The main state entity in charge with supporting clean energy developments with New York State, NYSERDA continues to expand. Per its web site, “The New York State Energy Research and Development Authority (NYSERDA), a public benefit corporation, offers objective information and analysis, innovative programs, technical expertise, and funding to help New Yorkers increase energy efficiency, save money, use renewable energy, and reduce reliance on fossil fuels.” NYSERDA offers a robust mix of financial incentives, grants and educational outreach programs to spur in state clean energy development. Its highly successful PV solar rebate program, NY-Sun continues to train hundreds of contractors in installation of residential and commercial solar systems while offering financial incentives to property owners which among other things has resulted in Long Island reaching a record 10,000 solar installations.

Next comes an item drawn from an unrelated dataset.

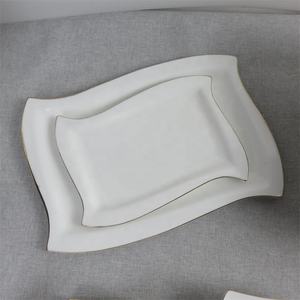 Vendita diretta in fabbrica a forma quadrata 68pc oro bone china stoviglie set per cena <span class=keywords><strong>servizio</strong></span> europeo in <span class=keywords><strong>porcellana</strong></span> raffinata - Product Image 6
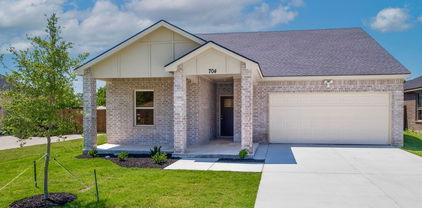 704 S Medora St, Terrell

In July 2014, New York State Public Service Commission enacted a policy review called Reforming the Energy Vision to aimed at making major market driven changes to its electric utilities and their traditional business model. REV, as it is called, is intended to open up customer choice and control on their monthly electric bills while driving a greater deployment of Distributed Energy Resources such PV solar, wind, energy efficiency and battery storage. Headed by New York commissioner Audrey Zibelman, the main goal of REV is to seek market side driven decreases in peak demand so electric utilities do not have to continue building costly and difficult to maintain centralized transmission and distribution infrastructure. The REV initiative came about in part due to severe damage and extensive power outages which resulted from Superstorm Sandy, an extreme weather event which many believe will occur more regularly in the future due to ongoing changes in weather patterns.
State energy authorities are in the process of expanding Con Edison’s industry leading Demand Response incentive programs in cooperation and support with NYSERDA. Con Edison now provides up to $2,100.00 dollars per kW for installed battery storage systems along with a five months of high peak demand electricity financial incentives to those of its commercial customers who can quickly and safely leave Con Edison’s electric grid during certain days of the electricity peak summer months and return to the grid upon the utility’s requirements. The program which has been in place now for several years is designed to seek market side driven reductions in electricity use instead of Con Edison constantly being required to build more infrastructure. State officials have instructed the state’s other electric utilities outside of the Con Edison service area to submit proposals for offering their own Demand Response programs in their service areas.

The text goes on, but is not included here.